- **AVAILABLE RECORDS**:
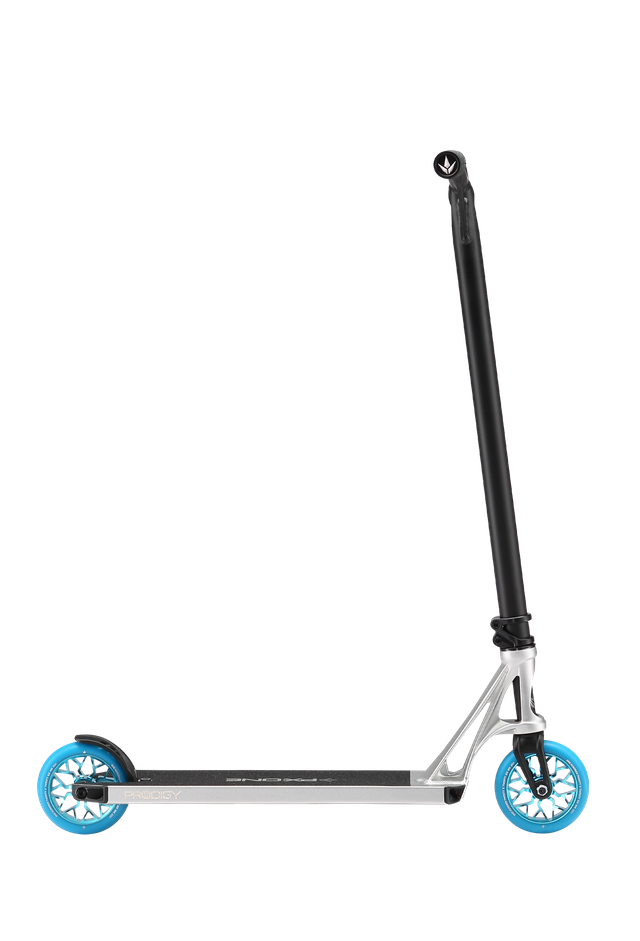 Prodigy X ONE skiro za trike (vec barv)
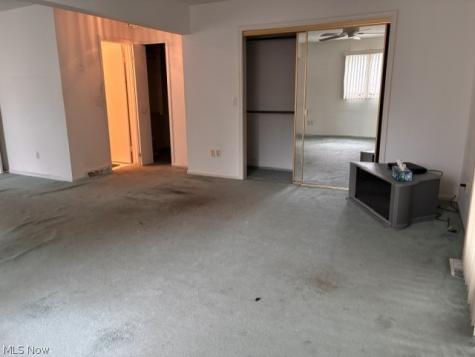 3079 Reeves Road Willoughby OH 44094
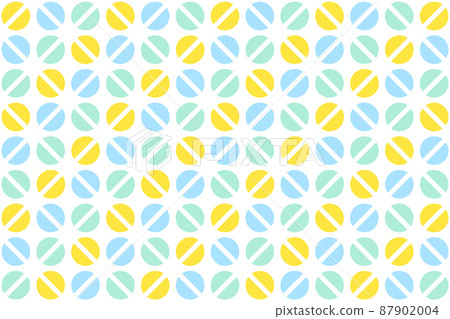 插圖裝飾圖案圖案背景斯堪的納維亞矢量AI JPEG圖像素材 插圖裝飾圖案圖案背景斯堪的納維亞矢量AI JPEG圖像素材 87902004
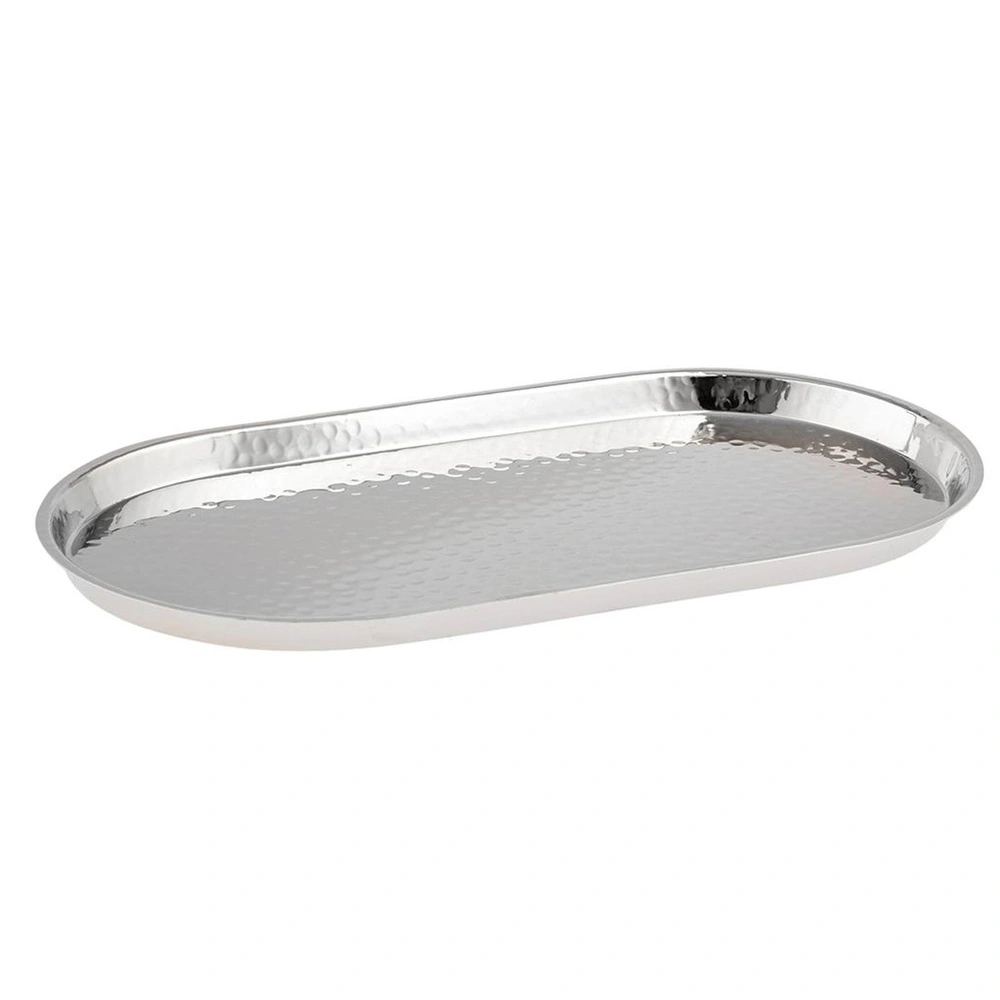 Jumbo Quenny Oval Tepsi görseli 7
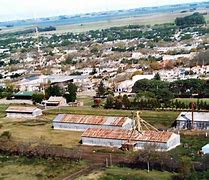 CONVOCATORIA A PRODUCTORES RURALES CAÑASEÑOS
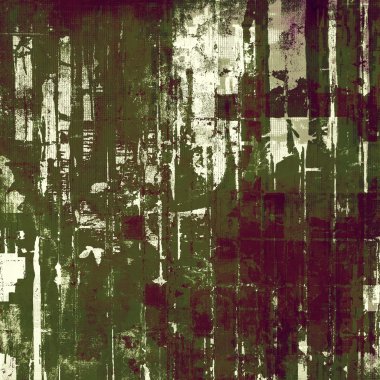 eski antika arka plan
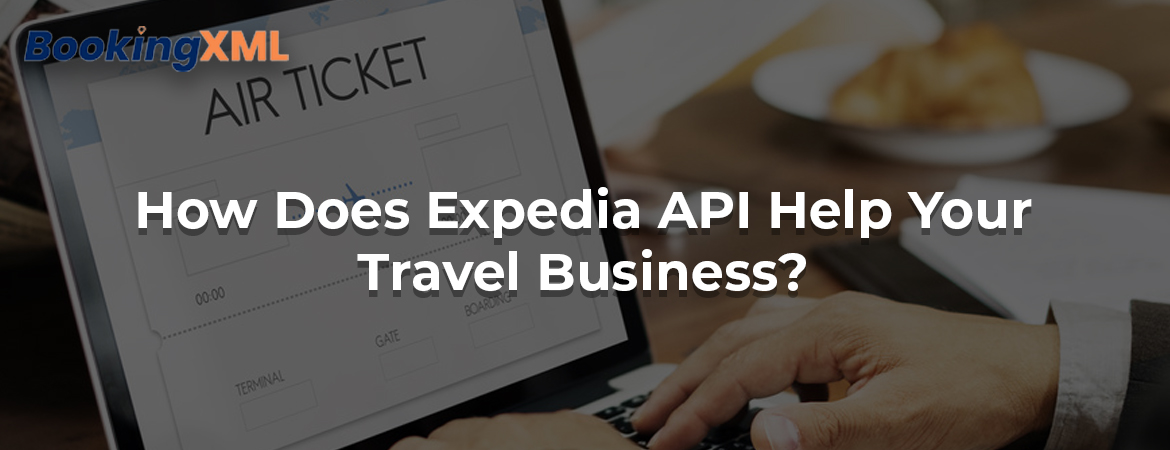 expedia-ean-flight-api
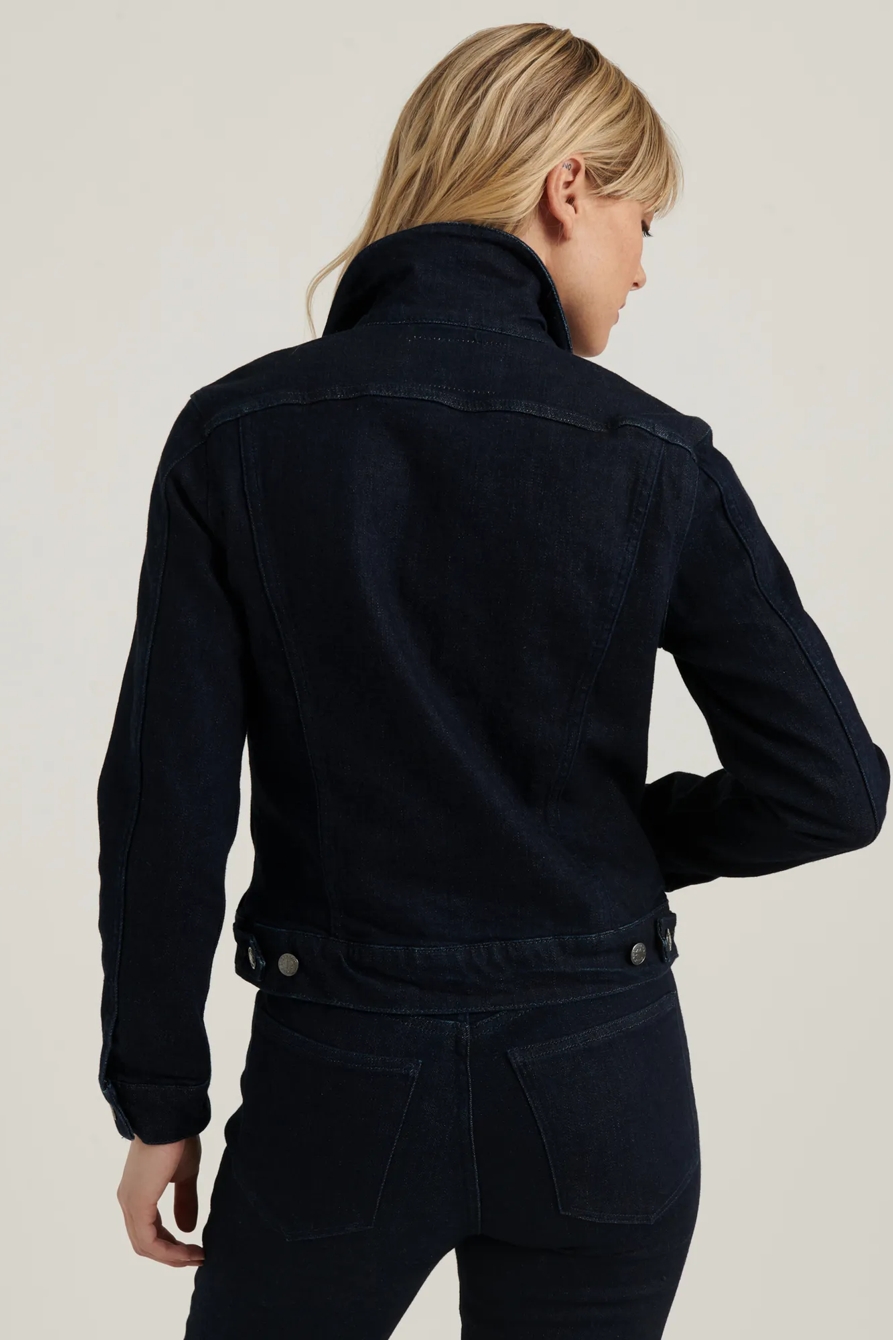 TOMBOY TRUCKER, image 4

...

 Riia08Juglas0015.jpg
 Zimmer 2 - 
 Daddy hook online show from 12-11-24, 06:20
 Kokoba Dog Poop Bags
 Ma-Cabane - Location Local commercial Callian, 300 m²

---

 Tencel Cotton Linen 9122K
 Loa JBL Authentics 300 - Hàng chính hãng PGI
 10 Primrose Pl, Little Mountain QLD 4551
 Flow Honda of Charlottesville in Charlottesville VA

- **TASK STATEMENT**:
Copy exactly, without pictures, the lines above from the one with "Prodigy X ONE skiro za trike (vec barv)" down to the one with "TOMBOY TRUCKER, image 4", inclusive.

- **SOLUTION TO THIS TASK**:
 Prodigy X ONE skiro za trike (vec barv)
 3079 Reeves Road Willoughby OH 44094
 插圖裝飾圖案圖案背景斯堪的納維亞矢量AI JPEG圖像素材 插圖裝飾圖案圖案背景斯堪的納維亞矢量AI JPEG圖像素材 87902004
 Jumbo Quenny Oval Tepsi görseli 7
 CONVOCATORIA A PRODUCTORES RURALES CAÑASEÑOS
 eski antika arka plan
 expedia-ean-flight-api
 TOMBOY TRUCKER, image 4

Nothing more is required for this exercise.